BES senior reopens Portugal but covered still in the mix
Banco Espírito Santo is bringing the first Portuguese benchmark FIG supply in more than two years today (Wednesday), with bankers putting the choice of a senior unsecured deal down to considerations about collateral and relative pricing benefit, but one noting that covered bonds should still be an option.
The Portuguese bank is said to have met with more than Eu2bn of orders for a three year trade that leads Espirito Santo Investment Bank, Morgan Stanley, JP Morgan and UBS initially pitched at a yield of 6.25% before revising this to 6.125% plus or minus 0.125%.
“It’s an absolute blowout,” said a syndicate banker away from the leads. “It’s very impressive.”
The last Portuguese benchmark FIG supply is understood to have been in March 2010, when Millennium bcp tapped the senior unsecured market and Banco Santander Totta sold a Eu1bn three year covered bond, at 85bp over mid-swaps. Portuguese corporates have issued this year, with Portuguese financial institutions otherwise only active in the market via tender offers.
A syndicate banker said that a covered bond would seem the obvious trade to reopen the Portuguese FIG market with, but not if the relative pricing benefit over a senior unsecured transaction does not sufficiently reward the collateral used in a covered bond. Another said that BES’s senior unsecured transaction did not have any immediate knock-on effects for the Portuguese covered bond market.
“There will be buyers, but it’s more an issue of what spread issuers are willing to pay and collateral availability,” he said.

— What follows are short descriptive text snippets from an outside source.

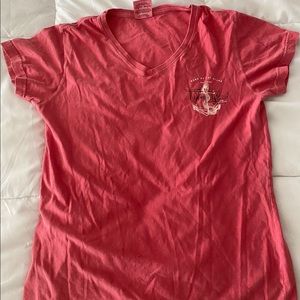 cute tybee island short sleeve v neck t shirt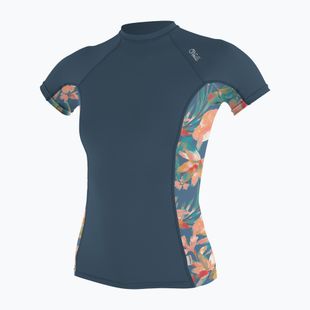 Moteriški plaukimo marškinėliai O'Neill Side Print Rash Guard copen blue/painted tropics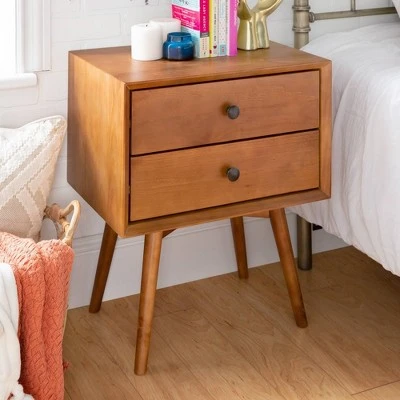Greenberg 2 Drawer Mid-Century Modern Solid Wood Nightstand - Saracina Home Greenberg 2 Drawer Mid-Century Modern Solid Wood Nightstand - Saracina Home -Saracina Home Shop GUEST 19648cd2 d773 470d 9347 8ca23f8db7a9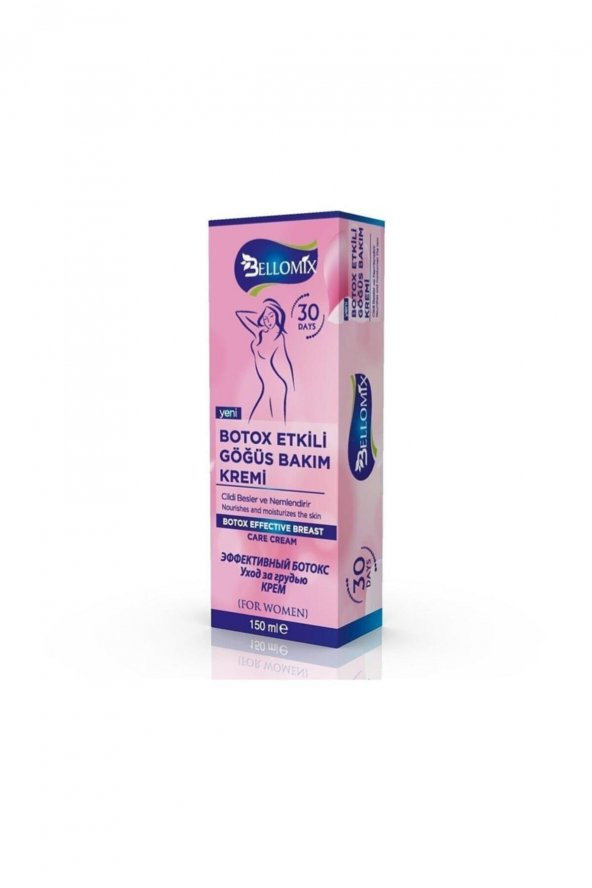 Bellomix Ebrtech Botoks Etkili Kadın Göğüs Bakım Kremi 150 ml Göğüs Kremi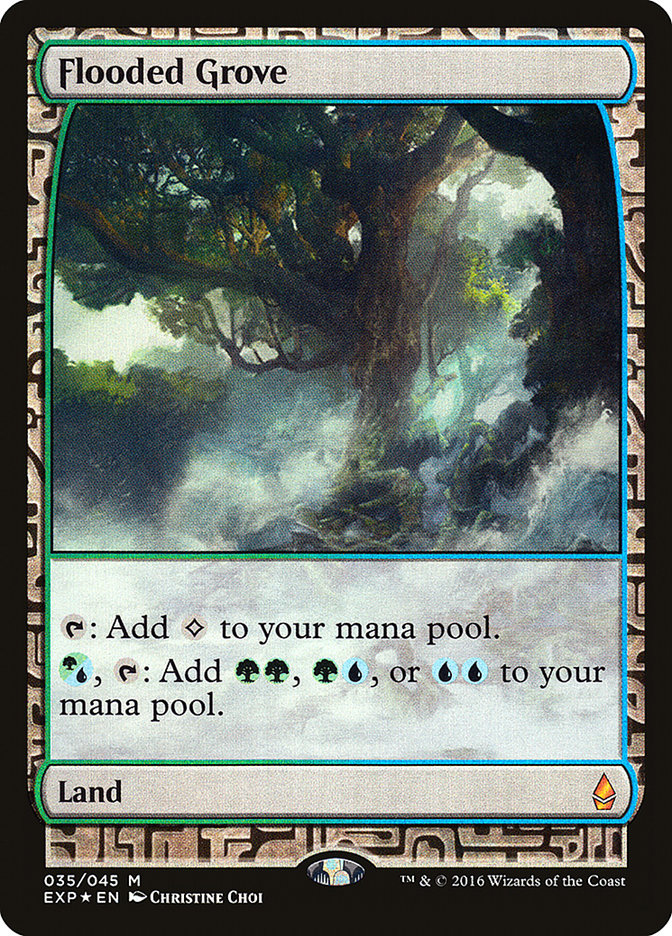 Flooded Grove [Zendikar Expeditions] | L.A. Mood Comics and Games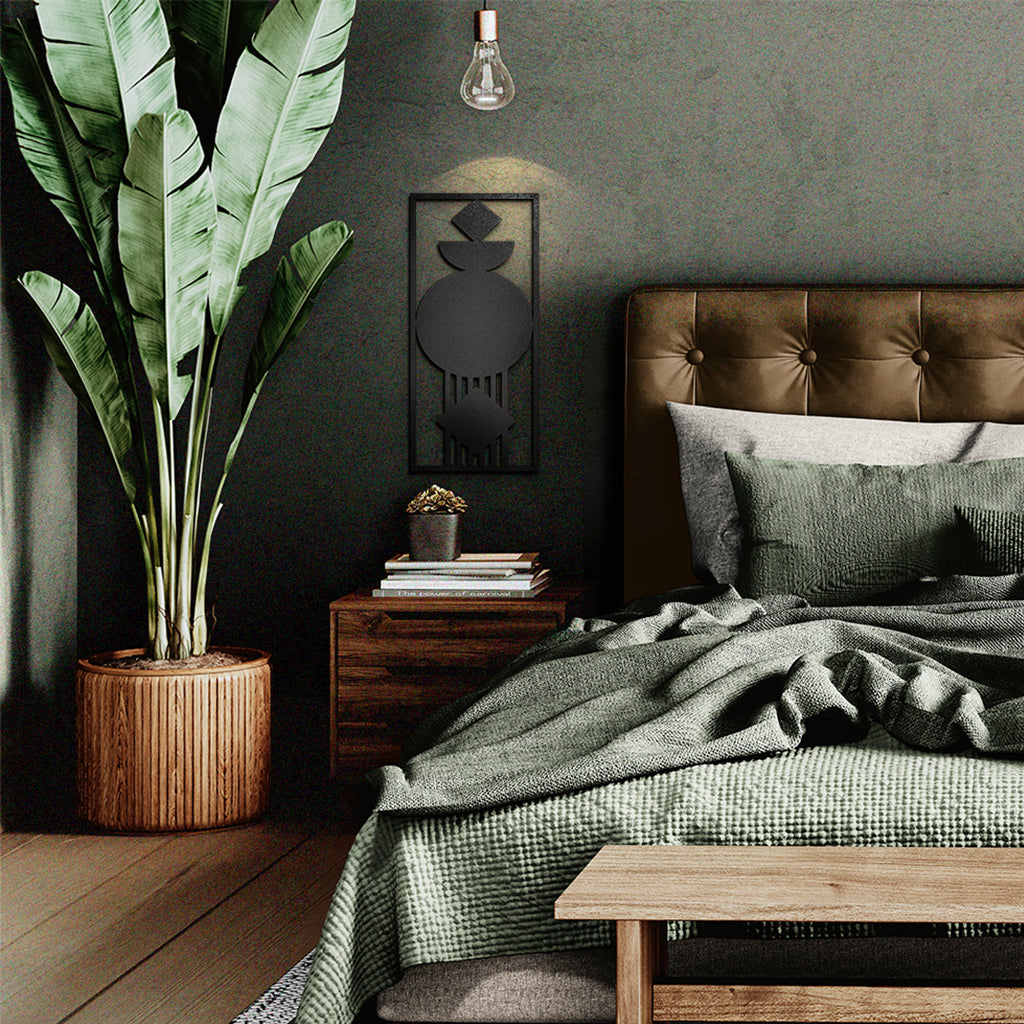 Cuadros decorativos de metal Abstracto Macrame 2 piezas - Taula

According to Crédit Agricole analysts, in Portugal the average covered bond spread as a percentage of senior unsecured levels is around 80%, compared with less than 5% for Germany, for example. The percentage in Spain, the last peripheral jurisdiction to have spawned a new covered bond, via Bankinter in the middle of October, stands at around 70%, according to the analysts. The lower the percentage the more attractive covered bonds are as funding tool for issuers.
Still, another banker said although pricing is likely to mainly be reflecting Portuguese risk rather than any incremental risk or benefit involved in doing either a senior unsecured issue or covered bond, the choice between the two is not a “no-brainer”.
“It’s very clear that the market is open,” he said, “and that it’s a matter of choice between covered bonds and uncovered.
“I wouldn’t be surprised if someone came to a different conclusion.”
However, he does not anticipate much euro benchmark covered bond supply in the near-term, despite heavy redemptions, including in government bonds, and said that any issuance is likely to primarily come from those issuers who have not had market access until now or those looking to prefund.